I’m not going to lie, the city party was… well, not my type of party. Badly located stage, loud music and a lot of people. But what should I have hoped for? There was also a smaller stage with nicely singing women. Nice looking women, too. I went for a walk and when I got back there they were already gone. On the main stage the presenter was teaching someone to dance bachata.


The smaller stage.


The parties had place simultaneously in different parts of the city. In Puerto Santa Ana, a modern and luxurious quarter of apartment and office buildings (the tallest building of Ecuador, The Point – 143 metres, is located there), the bars and restaurants were full of dressed up people. Mostly old balding men and young women with a lot of make-up. Very stereotypical, but, sadly, real. Of course it’s just a piece of the whole image. And the live music was great. I would rather spend my New Year’s Eve there than at the city party on Malecón 2000 – the Guayas riverside.

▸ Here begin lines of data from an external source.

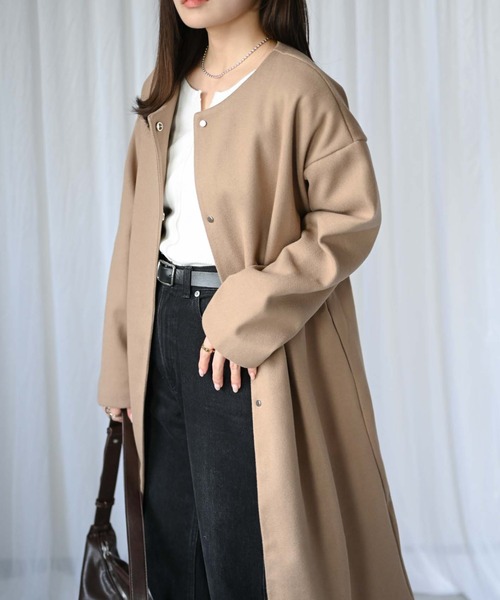 roomy ノーカラーコート コート ノーカラーロングコート レディース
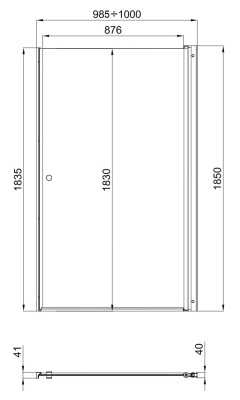 душевая дверь из стекла тритон уно 100x185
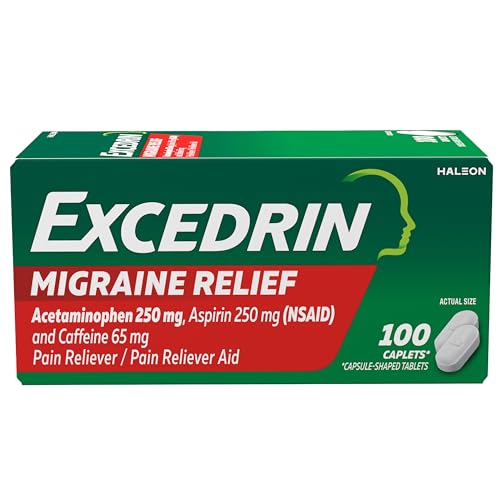 Excedrin Migraine Relief Caplets for Migraine Symptoms  Acetaminophen 250mg  Aspirin 250mg  Caffeine 65mg  Pain Reliever  100 Count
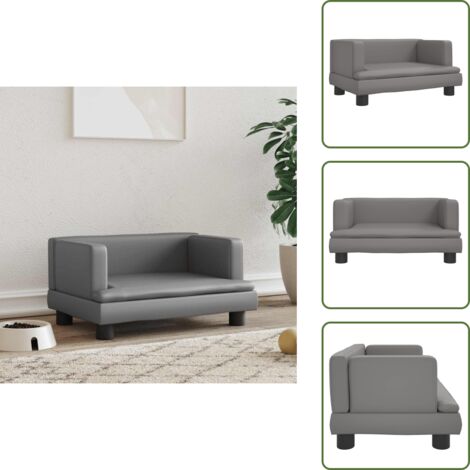 The Living Store Cama para perros de cuero sintético gris 60x40x30 cm - Sofá para perros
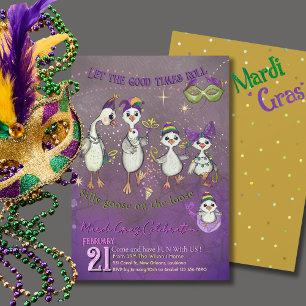 Whimsical Goose Family Mardi Gras Purple Yellow Invitation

Petards had been exploding since at least the day before (that day I came to Guayaquil but I’m pretty sure that also earlier). At midnight there were fireworks and even more explosions. A group of Indians tried to make lanterns fly. They were rather floating just over the heads of the crowd and were more dangerous than funny.

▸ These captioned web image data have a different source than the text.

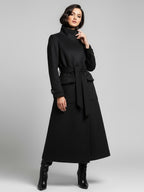 Belted Woolen Stand-Collar Long Winter Coat With Functional Pockets For Women 2026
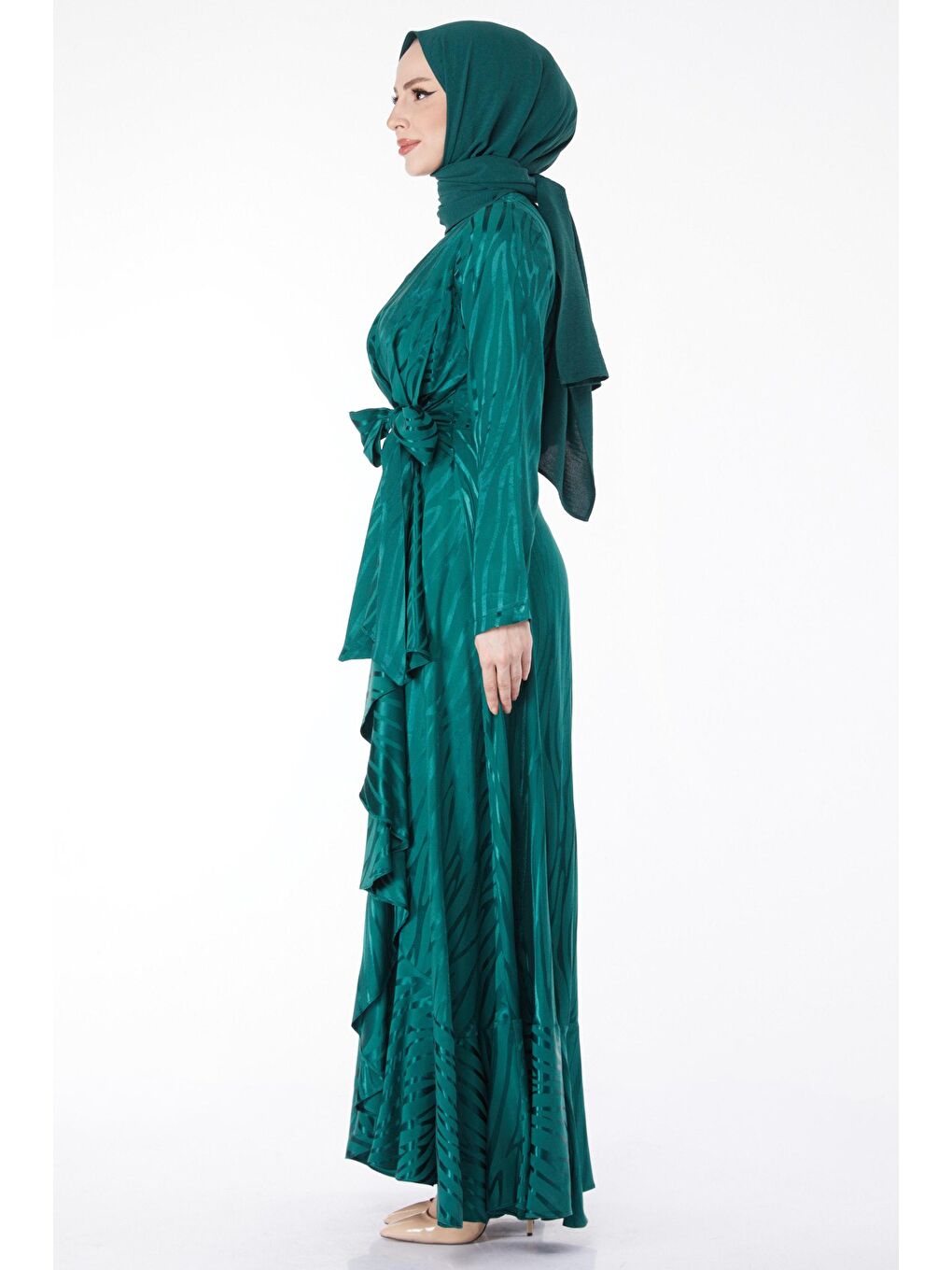 Düz Bisiklet Yaka Kadın Yeşil Varaklı Abiye Elbise - 24881-4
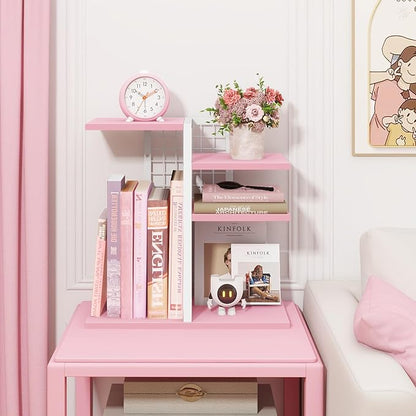 ELITEROO Desktop Bookshelf, Tiered Desk Organizer Shelf, Wooden Tabletop Bookshelf Small Desk Book Shelf, Dresser Top Organization Storage Rack and Desk Decorations for Women Office, Pink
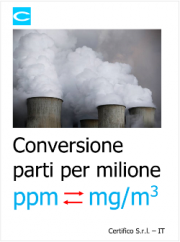 Conversione parti per milione (ppm) in mg/m3 Conversione parti per milione (ppm) in mg/m3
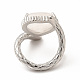 Corazón de cristal de cuarzo natural con anillo abierto de serpiente RJEW-P082-02P-24-4
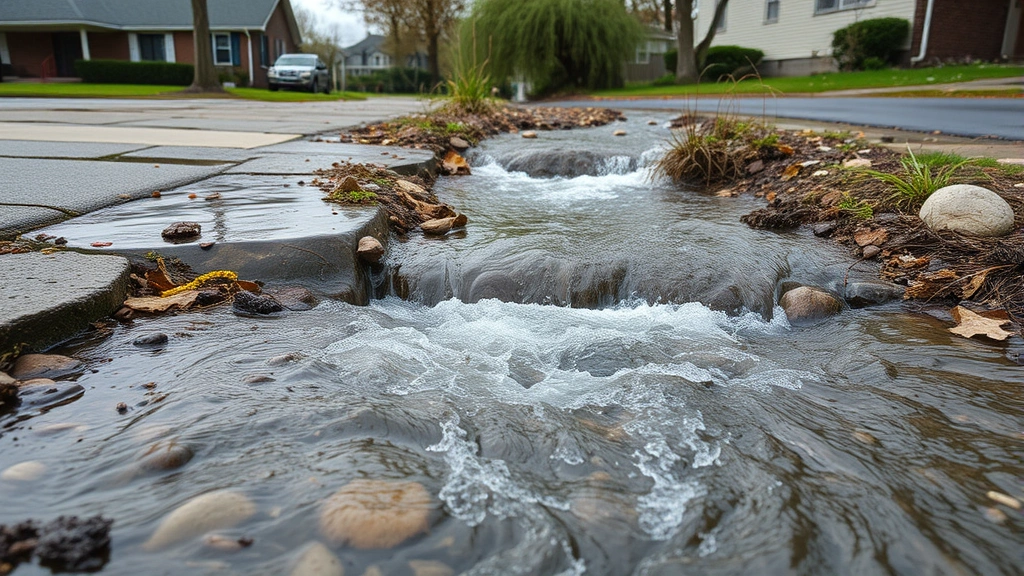 Stormwater runoff flowing from impervious surfaces of residential area into natural stream, showing water quality degradation and pollution with visible sediment and urban debris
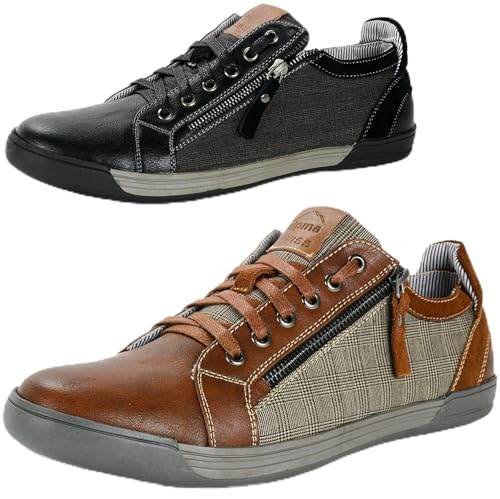 Alpine Swiss Men's Fabian Plaid Quarter Vamp Fashion Sneakers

The attempts of setting everyone on fire a.k.a. making lanterns fly.


The really interesting part is the tradition of monigotes, the effigies symbolizing the Old Year. There are two basic kinds of them – the bad ones, having usually shape of politicians, public figures and other disasters such as a tragic earthquake in Mexico – which are burned to make the bad luck disappear in flames.


Quite shocking – the installation about the earthquake in Mexico next to political caricatures. Well, that’s the tradition…


There are also monigotes which are supposed to bring luck – shaped as relatives and friends. And superheroes and cartoon characters – unless I didn’t get it and they have another purpose. In fact, they are the most numerous. They differ in size – from less then a foot up to seven-ten feet (2-3 metres).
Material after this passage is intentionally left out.